Tag Archives: Steven Johnson

Wilkinson Prize for numerical software: call for 2015 submissions

The Wilkinson Prize is not meant to recognize a nice, shiny new algorithm, rather it’s meant for the implementation phase and, as anyone who have ever been involved in that phase of a project can tell you, that phase is often sadly neglected. So, bravo for the Wilkinson Prize!

From the March 27, 2014 Numerical Algorithms Group (NAG) news release, here’s a brief history of the Wilkinson Prize,

Every four years the Numerical Algorithms Group (NAG), the National Physical Laboratory (NPL) and Argonne National Laboratory award the prestigious Wilkinson Prize in honour of the outstanding contributions of Dr James Hardy Wilkinson to the field of numerical software.
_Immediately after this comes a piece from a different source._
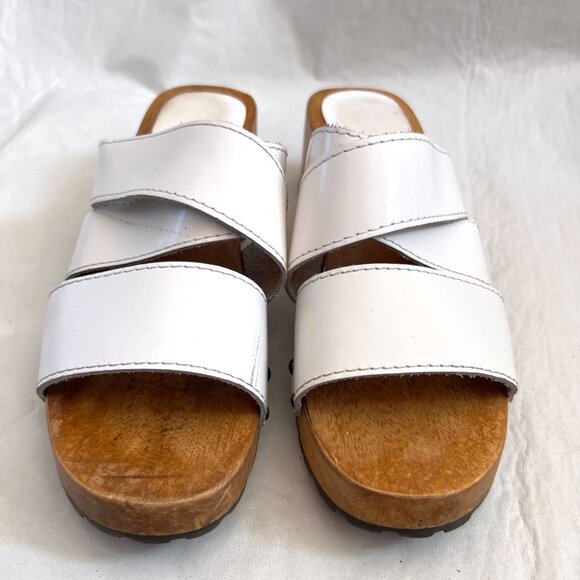 y2k Candies sandals womens 7.5 wooden clog style white leather slip on - Picture 2 of 11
The next Wilkinson Prize will be awarded at the [2015] International Congress on Industrial and Applied Mathematics in Beijing, and will consist of a $3000 cash prize.

NAG, NPL [UK National Physical Laboratory] and Argonne [US Dept. of Energy, Argonne National Laboratory] are committed to encouraging innovative, insightful and original work in numerical software in the same way that Wilkinson inspired many throughout his career. Wilkinson worked on the Automatic Computing Engine (ACE) while at NPL and later authored numerous papers on his speciality, numerical analysis. He also authored many of the routines for matrix computation in the early marks of the NAG Library.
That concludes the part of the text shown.